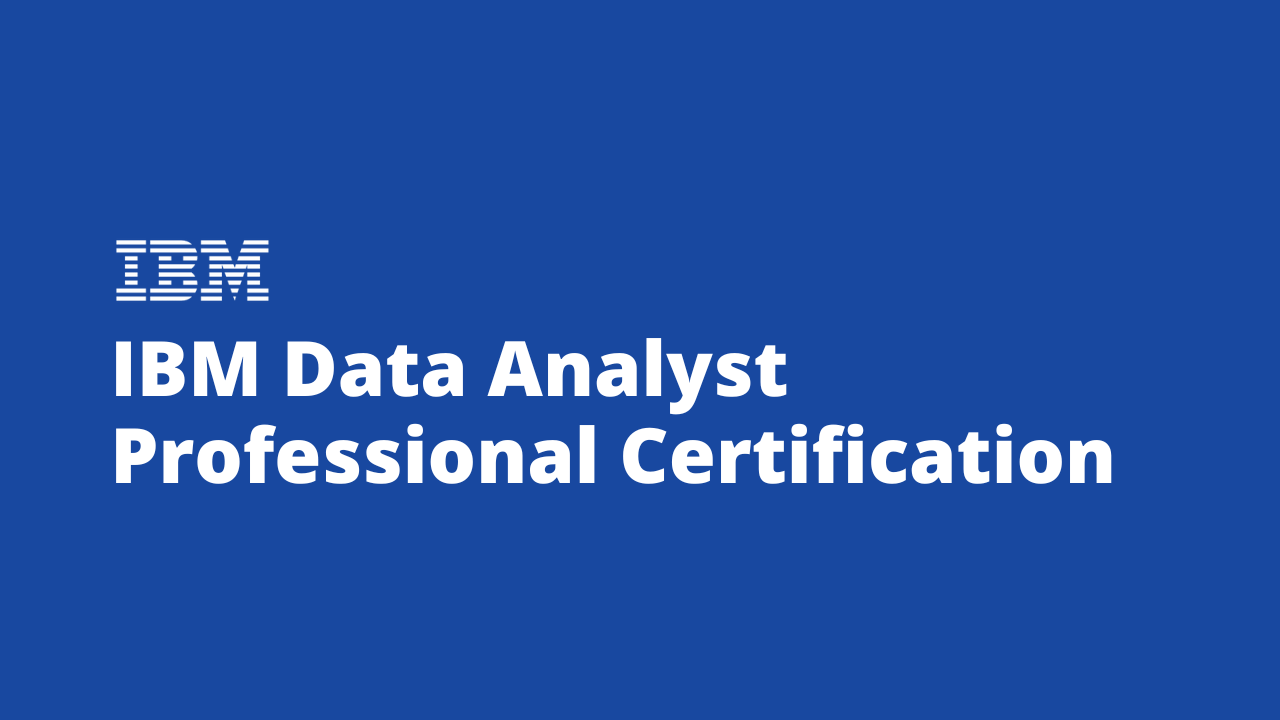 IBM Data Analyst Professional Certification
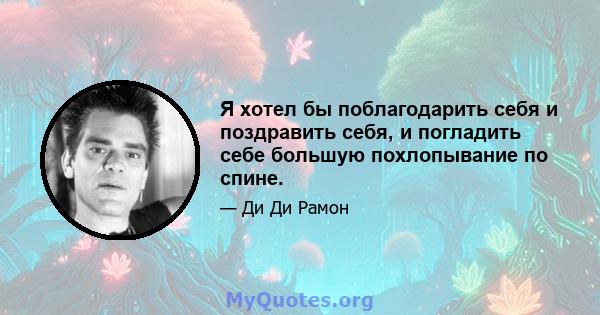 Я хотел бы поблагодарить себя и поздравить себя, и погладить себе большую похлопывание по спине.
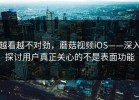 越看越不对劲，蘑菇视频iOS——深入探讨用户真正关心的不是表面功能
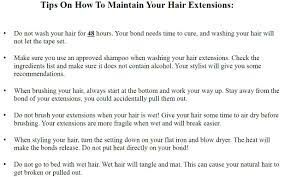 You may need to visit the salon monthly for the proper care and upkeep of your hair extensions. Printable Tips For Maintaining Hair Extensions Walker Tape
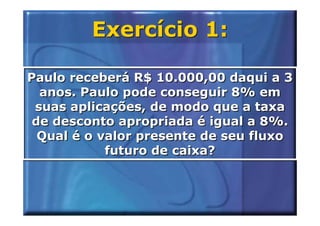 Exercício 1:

============

→ **Exercise objective**
The data must be repeated exactly. Any pictures in it are to be left out.

→ **Answer for this exercise**
 IBM Data Analyst Professional Certification
 Я хотел бы поблагодарить себя и поздравить себя, и погладить себе большую похлопывание по спине.
 越看越不对劲，蘑菇视频iOS——深入探讨用户真正关心的不是表面功能
 You may need to visit the salon monthly for the proper care and upkeep of your hair extensions. Printable Tips For Maintaining Hair Extensions Walker Tape
 Exercício 1:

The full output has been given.